On my return trip to Shikoku in late October, I alluded to an upcoming expedition. I spent six days walking the Kohechi route of the Kumano Kodō pilgrimage and now, as 2016 comes to a close, I’ve managed to pull together a full report.
The Kumano Kodō (熊野古道) is a network of ancient trails which crisscross the mountainous Kii Peninsula (east of Shikoku on the Honshu mainland) and has been walked by pilgrims from all strata of society for over 1000 years. They are recognised as UNESCO World Heritage sites.
The isolated Kohechi (小辺路) route cuts through the centre of the peninsula, linking the Buddhist temple complex of Kōya-san (高野山) and the Three Grand Shrines located in the southeastern part of the mountain range, known as Kumano Sanzan (熊野三山).
The close links between the religious sites is a unique example of the fusion between Buddhism (from China/India) and Shintoism (Japan’s indigenous religion).
Since I started the trip from Shikoku, Day 1 began where my first pilgrimage ended, with an overnight ferry trip from Tokushima to Wakayama. The symbolism of the moment was far from my mind as I stepped off the Nankai ferry at 5.10 am and waited sleepily for the first train.
The trundling commuter train bore witness to a stunning sunrise as it approached the mountain range which I would soon be ascending. Alighting at Nakaiburi Station (中飯降駅) around 8 am I walked 30 minutes to Jison-in (慈尊院), the temple that marks the entrance to the Kōyasan chōishi-michi (高野山町石道) trail.
I did a double take when I passed the wooden ema (絵馬) prayer plaques! Sacred mountains like Kōya-san used to forbid women to enter their borders so special temples like Jison-in were set up for them to pray outside. Women still come here to pray for pregnancy and safe childbirth etc.
2016 was the year of the monkey which we won’t see again till 2028.
Passing a group of pensioners, preparing for the hike by doing synchronised exercises, I began my hike on the chōishi-michi trail, named for its 180 stone five-tiered stupas which signpost the 24km route. Many of the chōishi (町石) stupas date back to the 13th Century Kamakura period.

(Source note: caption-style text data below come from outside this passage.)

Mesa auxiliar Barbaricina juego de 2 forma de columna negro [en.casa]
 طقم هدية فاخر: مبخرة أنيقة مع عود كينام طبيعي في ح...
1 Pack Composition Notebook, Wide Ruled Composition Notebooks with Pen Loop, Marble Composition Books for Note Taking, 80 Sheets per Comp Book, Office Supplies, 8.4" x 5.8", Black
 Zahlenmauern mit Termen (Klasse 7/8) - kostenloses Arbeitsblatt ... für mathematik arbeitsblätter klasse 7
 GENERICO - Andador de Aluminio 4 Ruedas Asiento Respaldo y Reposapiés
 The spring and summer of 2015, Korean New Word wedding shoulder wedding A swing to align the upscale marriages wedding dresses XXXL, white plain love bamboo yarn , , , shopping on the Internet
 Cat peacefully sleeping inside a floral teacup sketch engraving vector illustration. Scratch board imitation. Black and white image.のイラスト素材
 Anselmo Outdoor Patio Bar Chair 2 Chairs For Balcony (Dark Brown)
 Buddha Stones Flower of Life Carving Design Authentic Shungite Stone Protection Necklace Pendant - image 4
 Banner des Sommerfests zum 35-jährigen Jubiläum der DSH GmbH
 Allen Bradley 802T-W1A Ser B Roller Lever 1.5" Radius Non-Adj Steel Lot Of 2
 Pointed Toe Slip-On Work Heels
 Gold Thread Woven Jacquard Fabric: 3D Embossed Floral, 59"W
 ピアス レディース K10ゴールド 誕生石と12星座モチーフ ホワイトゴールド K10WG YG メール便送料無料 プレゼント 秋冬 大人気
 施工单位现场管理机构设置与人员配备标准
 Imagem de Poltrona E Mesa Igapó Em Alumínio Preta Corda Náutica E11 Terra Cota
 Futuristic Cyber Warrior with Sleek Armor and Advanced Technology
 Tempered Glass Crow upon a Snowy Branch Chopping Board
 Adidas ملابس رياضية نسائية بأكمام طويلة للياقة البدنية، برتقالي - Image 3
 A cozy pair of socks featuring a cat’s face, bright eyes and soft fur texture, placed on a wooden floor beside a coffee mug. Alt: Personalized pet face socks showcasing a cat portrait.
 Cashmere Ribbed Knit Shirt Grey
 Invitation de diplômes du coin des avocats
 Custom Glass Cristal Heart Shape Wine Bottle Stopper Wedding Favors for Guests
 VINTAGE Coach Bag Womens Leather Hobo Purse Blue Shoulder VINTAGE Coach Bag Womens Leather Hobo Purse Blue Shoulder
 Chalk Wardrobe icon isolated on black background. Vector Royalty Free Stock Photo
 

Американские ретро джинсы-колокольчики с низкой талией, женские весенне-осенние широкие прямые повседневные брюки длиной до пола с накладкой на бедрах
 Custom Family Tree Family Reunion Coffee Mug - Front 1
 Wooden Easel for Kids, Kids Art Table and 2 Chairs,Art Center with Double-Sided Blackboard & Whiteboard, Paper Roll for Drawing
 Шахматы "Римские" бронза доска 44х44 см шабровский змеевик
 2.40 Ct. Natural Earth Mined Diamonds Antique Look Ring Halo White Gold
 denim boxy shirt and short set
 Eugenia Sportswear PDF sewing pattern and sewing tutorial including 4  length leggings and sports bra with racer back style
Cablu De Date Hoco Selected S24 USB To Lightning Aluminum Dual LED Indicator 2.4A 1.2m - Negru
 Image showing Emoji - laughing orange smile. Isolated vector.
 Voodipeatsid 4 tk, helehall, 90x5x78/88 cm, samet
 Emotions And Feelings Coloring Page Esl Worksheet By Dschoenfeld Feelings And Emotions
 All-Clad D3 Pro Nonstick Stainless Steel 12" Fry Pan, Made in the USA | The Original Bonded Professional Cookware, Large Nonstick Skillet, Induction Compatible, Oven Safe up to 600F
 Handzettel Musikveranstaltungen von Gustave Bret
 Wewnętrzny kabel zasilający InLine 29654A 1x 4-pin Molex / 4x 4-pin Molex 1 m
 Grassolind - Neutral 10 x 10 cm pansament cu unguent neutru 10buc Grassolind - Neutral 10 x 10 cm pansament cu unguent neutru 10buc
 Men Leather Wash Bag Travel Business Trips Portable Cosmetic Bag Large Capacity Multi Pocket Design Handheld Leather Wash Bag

The majority of the trail is off-road and well maintained with good signage so it would be hard to get lost. The route quickly ascends, passing through mikan orchards and providing great views over the Kinokawa River below.
I passed many small piles of rocks seemingly placed at random. People do this for various reasons; as trail markers, with religious significance, or just for fun.
After about 6km I reached the Ropponsugi Pass where you have the option of taking a longer path to visit Niutsuhime Shrine (丹生都比売神社). Ominous dark clouds overhead were threatening to ruin my mood so I decided to give it a pass.
By noon it was drizzling and I stopped at Yadake for a quick lunch consisting of a rather sorry sandwich and a tuna onigiri I’d picked up at the combini in the morning. A few other hikers passed by but most were heading down.
After another steep section, the rest of the hike up to the top was relatively gentle and by 2.30 pm I had arrived at the enormous red Daimon Gate (大門) which marks the entrance to Kōya-san.
From here you can hike the short 2km Fudozaka Trail to Nyonindo which I did in 2015.
It was my third trip here and the trees along the main road were showing off their peak autumnal colours. As usual, the streets were busy with tourists which rather put me off but it felt good to have walked up instead of taking the ropeway.
I checked in at Sekisho-in (赤松院), a temple that offers accommodation, and then headed for a bite to eat at Komi Coffee (光海珈琲) which is right outside. If you’re visiting be sure to pop by since they have a copy of my book inside.
Having gotten little sleep the night before I was extremely tired so after a soak in the bath hit the hay early, praying for clear weather over the week ahead.